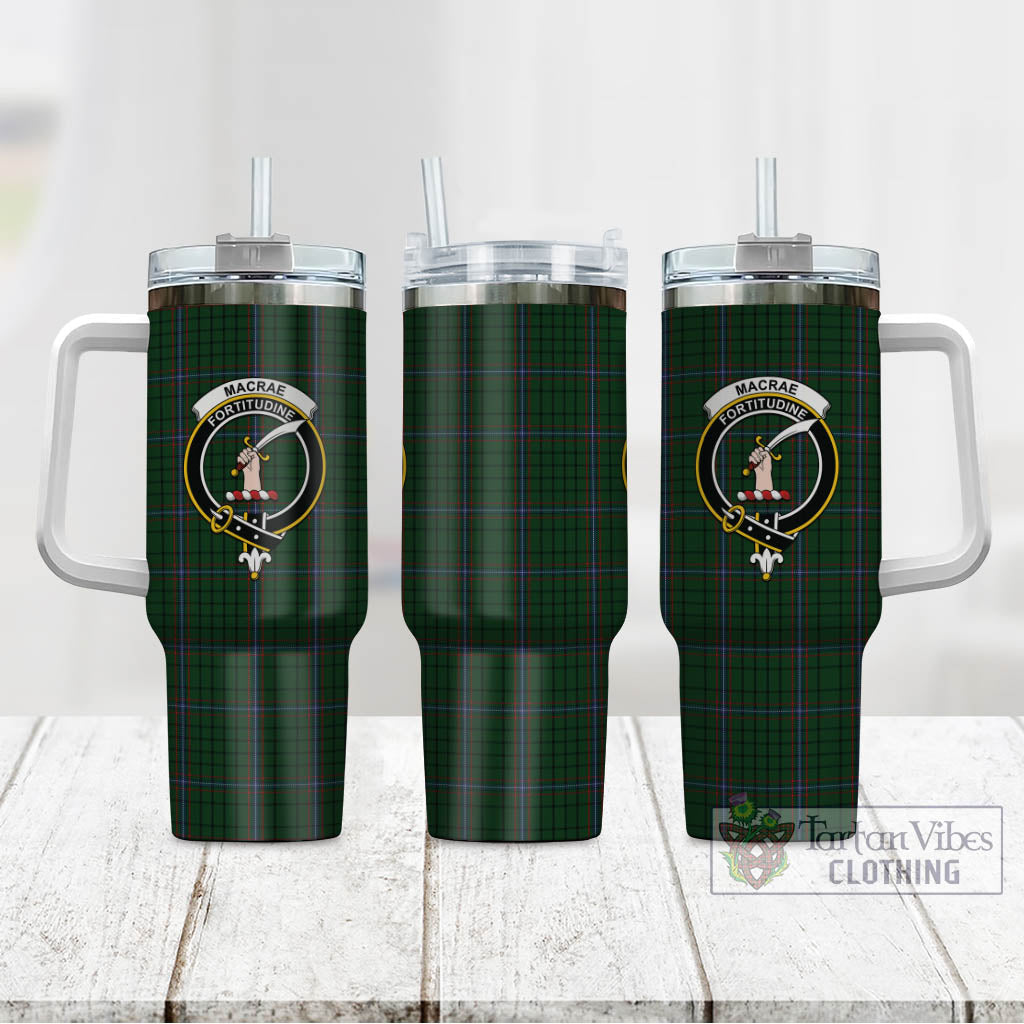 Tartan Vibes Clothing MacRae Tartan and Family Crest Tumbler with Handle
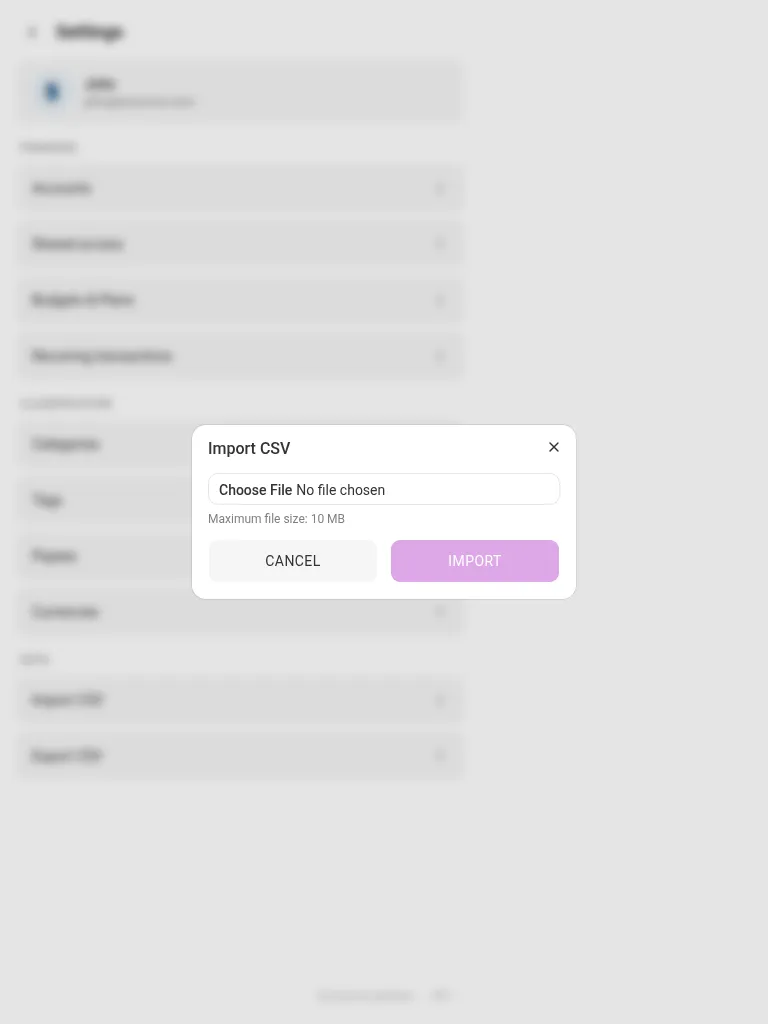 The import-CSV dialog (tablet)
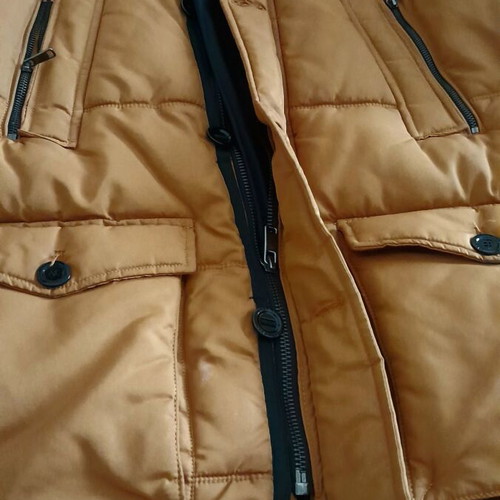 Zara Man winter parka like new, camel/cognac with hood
○ ○ ○ ○ ○
Description of the task ::
Could you repeat all of the data exactly, minus the pictures?

Exercise response ::
 Tartan Vibes Clothing MacRae Tartan and Family Crest Tumbler with Handle
 The import-CSV dialog (tablet)
 Zara Man winter parka like new, camel/cognac with hood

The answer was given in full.